Set down each record that follows exactly. Drop the images.
═══
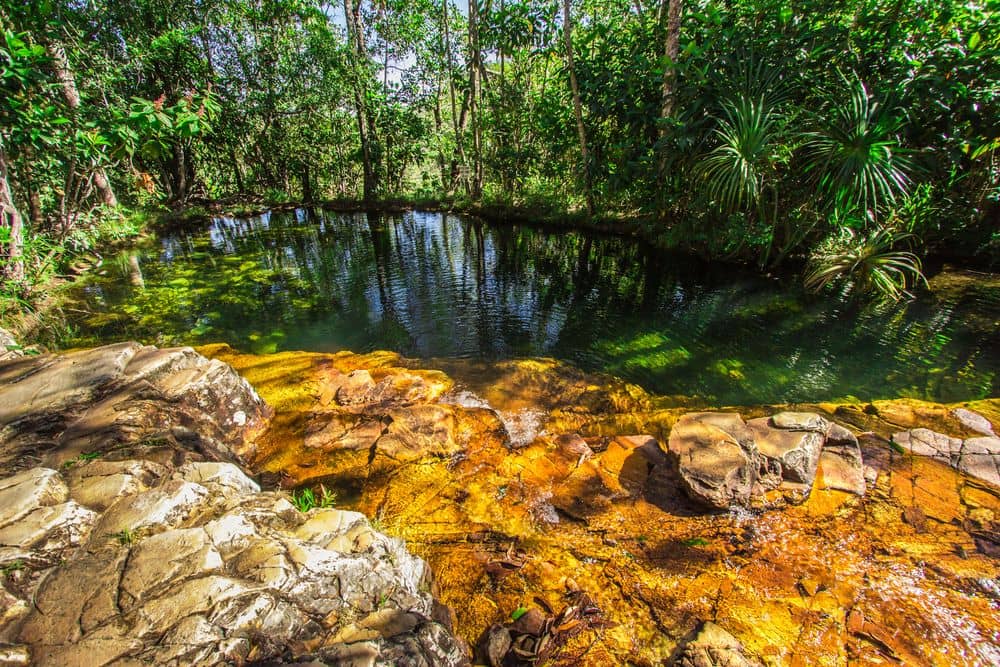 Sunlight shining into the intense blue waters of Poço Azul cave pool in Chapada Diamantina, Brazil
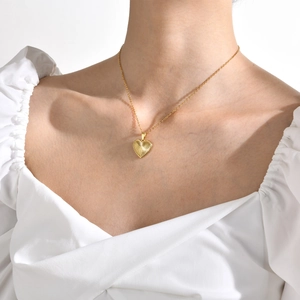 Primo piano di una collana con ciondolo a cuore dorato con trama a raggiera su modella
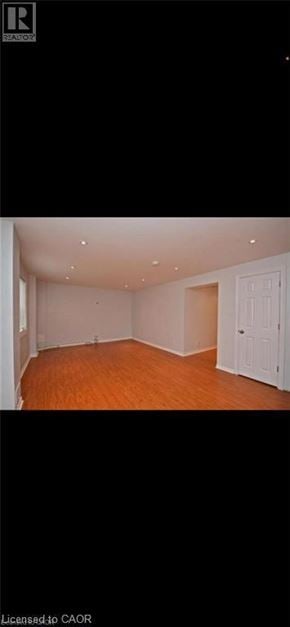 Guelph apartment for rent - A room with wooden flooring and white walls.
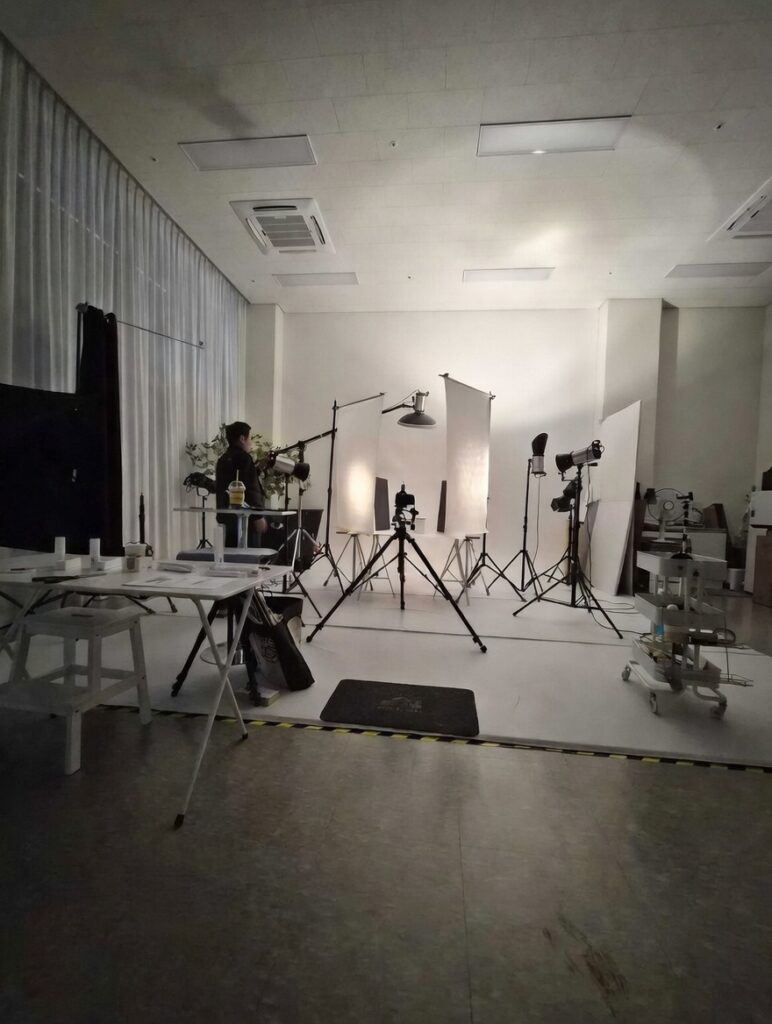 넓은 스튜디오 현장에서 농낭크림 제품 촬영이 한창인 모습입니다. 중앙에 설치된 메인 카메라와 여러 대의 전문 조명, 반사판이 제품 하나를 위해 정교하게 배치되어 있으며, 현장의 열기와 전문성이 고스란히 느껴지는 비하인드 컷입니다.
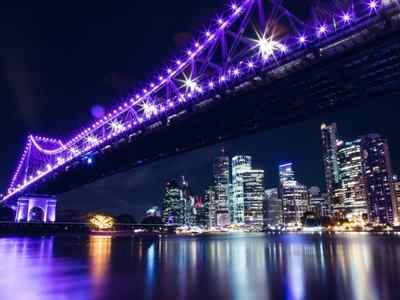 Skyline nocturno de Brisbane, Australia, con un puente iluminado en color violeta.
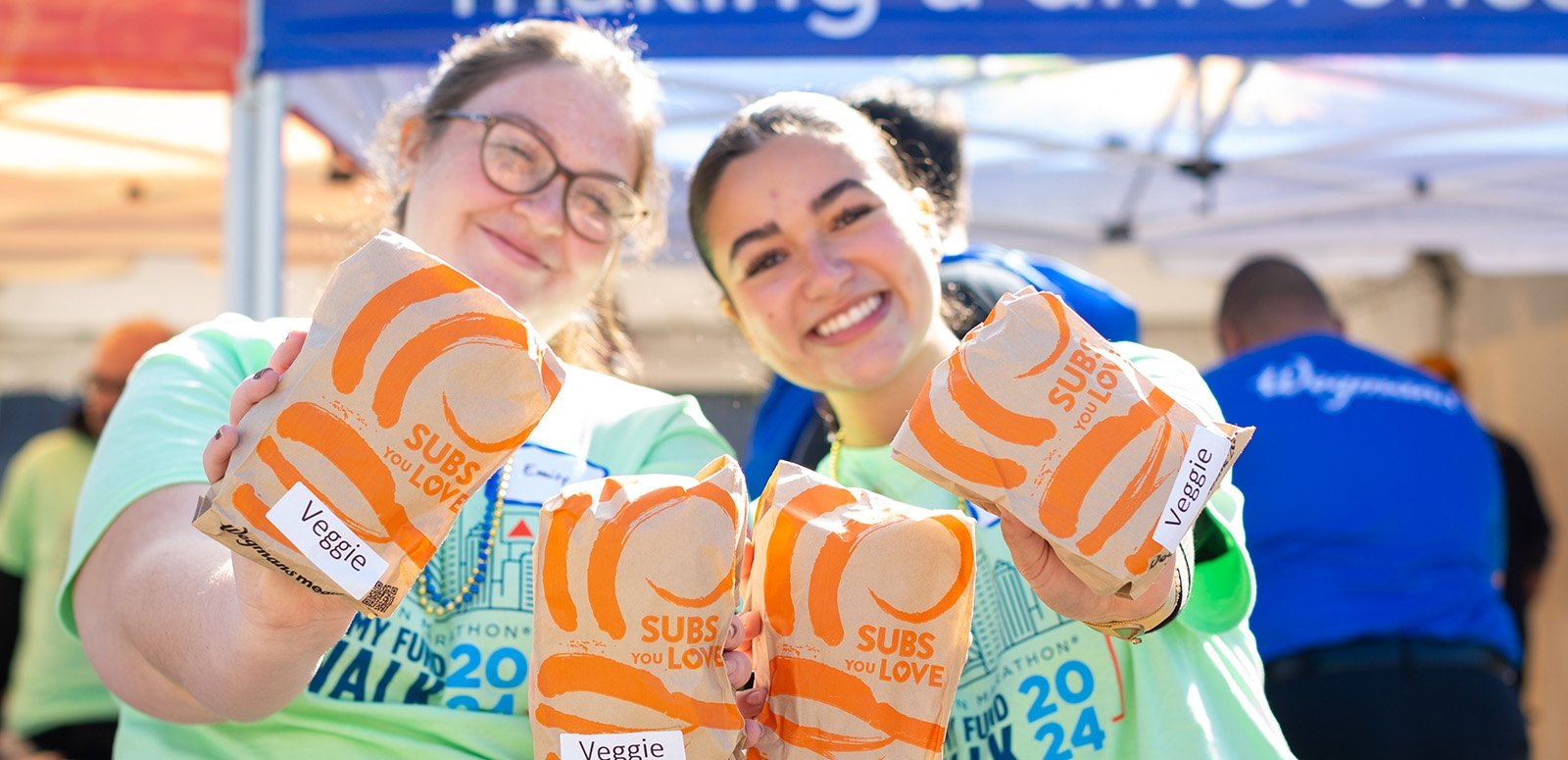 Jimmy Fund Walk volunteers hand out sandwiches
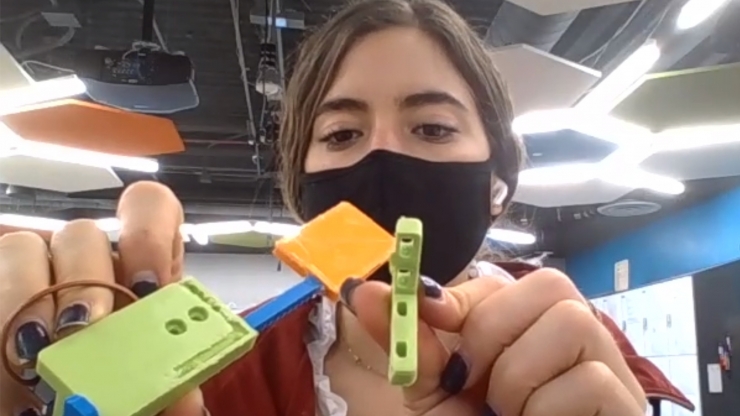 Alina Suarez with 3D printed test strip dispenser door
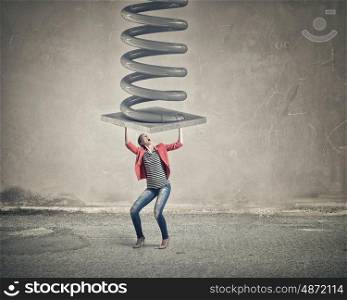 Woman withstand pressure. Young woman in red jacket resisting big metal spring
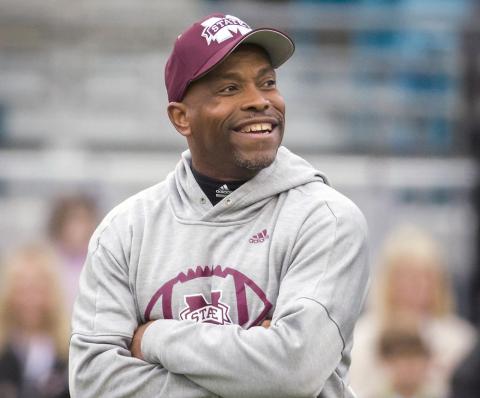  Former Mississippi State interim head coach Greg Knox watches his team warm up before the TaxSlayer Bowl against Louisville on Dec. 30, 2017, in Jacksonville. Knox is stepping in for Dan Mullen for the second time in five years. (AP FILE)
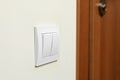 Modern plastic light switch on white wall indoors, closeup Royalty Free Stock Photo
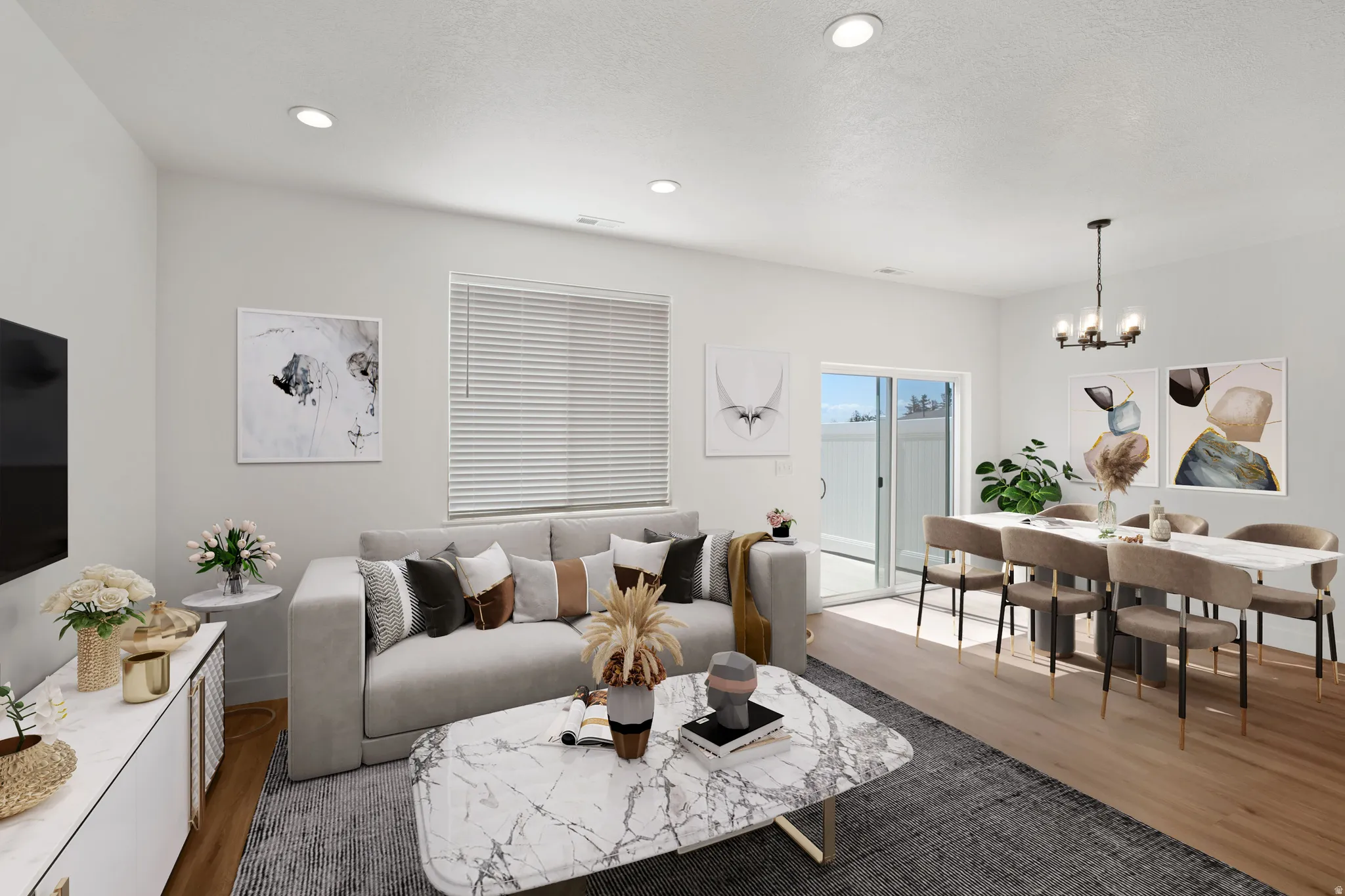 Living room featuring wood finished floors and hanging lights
═══
* ANSWER FOR THE TASK:
 Sunlight shining into the intense blue waters of Poço Azul cave pool in Chapada Diamantina, Brazil
 Primo piano di una collana con ciondolo a cuore dorato con trama a raggiera su modella
 Guelph apartment for rent - A room with wooden flooring and white walls.
 넓은 스튜디오 현장에서 농낭크림 제품 촬영이 한창인 모습입니다. 중앙에 설치된 메인 카메라와 여러 대의 전문 조명, 반사판이 제품 하나를 위해 정교하게 배치되어 있으며, 현장의 열기와 전문성이 고스란히 느껴지는 비하인드 컷입니다.
 Skyline nocturno de Brisbane, Australia, con un puente iluminado en color violeta.
 Jimmy Fund Walk volunteers hand out sandwiches
 Alina Suarez with 3D printed test strip dispenser door
 Woman withstand pressure. Young woman in red jacket resisting big metal spring
  Former Mississippi State interim head coach Greg Knox watches his team warm up before the TaxSlayer Bowl against Louisville on Dec. 30, 2017, in Jacksonville. Knox is stepping in for Dan Mullen for the second time in five years. (AP FILE)
 Modern plastic light switch on white wall indoors, closeup Royalty Free Stock Photo
 Living room featuring wood finished floors and hanging lights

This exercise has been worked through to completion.